--- Exercise instructions ---
Below are entries; output exactly the lines from the one with "Jetzt starten. Später reparieren Poster" to the one with "eBook | Sack Fachmedien", both included, and nothing else.

(Data entries)
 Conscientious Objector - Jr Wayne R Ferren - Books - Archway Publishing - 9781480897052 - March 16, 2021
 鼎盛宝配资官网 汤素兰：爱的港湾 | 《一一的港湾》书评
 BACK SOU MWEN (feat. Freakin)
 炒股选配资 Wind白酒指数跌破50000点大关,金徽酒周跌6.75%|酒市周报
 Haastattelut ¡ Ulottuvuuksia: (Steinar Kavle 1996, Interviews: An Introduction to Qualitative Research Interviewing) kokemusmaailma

==

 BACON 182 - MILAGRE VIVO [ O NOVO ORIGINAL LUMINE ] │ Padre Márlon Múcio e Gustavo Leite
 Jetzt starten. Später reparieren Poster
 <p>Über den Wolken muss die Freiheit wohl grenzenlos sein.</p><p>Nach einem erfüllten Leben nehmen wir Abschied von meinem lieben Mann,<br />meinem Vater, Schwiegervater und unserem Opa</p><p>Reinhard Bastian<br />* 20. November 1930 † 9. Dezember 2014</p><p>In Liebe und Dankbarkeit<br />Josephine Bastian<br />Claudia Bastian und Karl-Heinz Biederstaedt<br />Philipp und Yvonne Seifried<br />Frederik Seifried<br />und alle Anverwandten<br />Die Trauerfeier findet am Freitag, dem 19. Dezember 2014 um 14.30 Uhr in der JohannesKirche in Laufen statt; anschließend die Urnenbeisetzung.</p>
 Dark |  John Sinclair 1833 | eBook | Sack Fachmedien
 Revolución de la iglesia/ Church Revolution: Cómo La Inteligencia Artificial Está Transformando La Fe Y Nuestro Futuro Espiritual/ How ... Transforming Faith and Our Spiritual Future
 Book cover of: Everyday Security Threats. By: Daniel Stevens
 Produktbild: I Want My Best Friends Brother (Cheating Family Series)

--- Written response ---
 Jetzt starten. Später reparieren Poster
 <p>Über den Wolken muss die Freiheit wohl grenzenlos sein.</p><p>Nach einem erfüllten Leben nehmen wir Abschied von meinem lieben Mann,<br />meinem Vater, Schwiegervater und unserem Opa</p><p>Reinhard Bastian<br />* 20. November 1930 † 9. Dezember 2014</p><p>In Liebe und Dankbarkeit<br />Josephine Bastian<br />Claudia Bastian und Karl-Heinz Biederstaedt<br />Philipp und Yvonne Seifried<br />Frederik Seifried<br />und alle Anverwandten<br />Die Trauerfeier findet am Freitag, dem 19. Dezember 2014 um 14.30 Uhr in der JohannesKirche in Laufen statt; anschließend die Urnenbeisetzung.</p>
 Dark |  John Sinclair 1833 | eBook | Sack Fachmedien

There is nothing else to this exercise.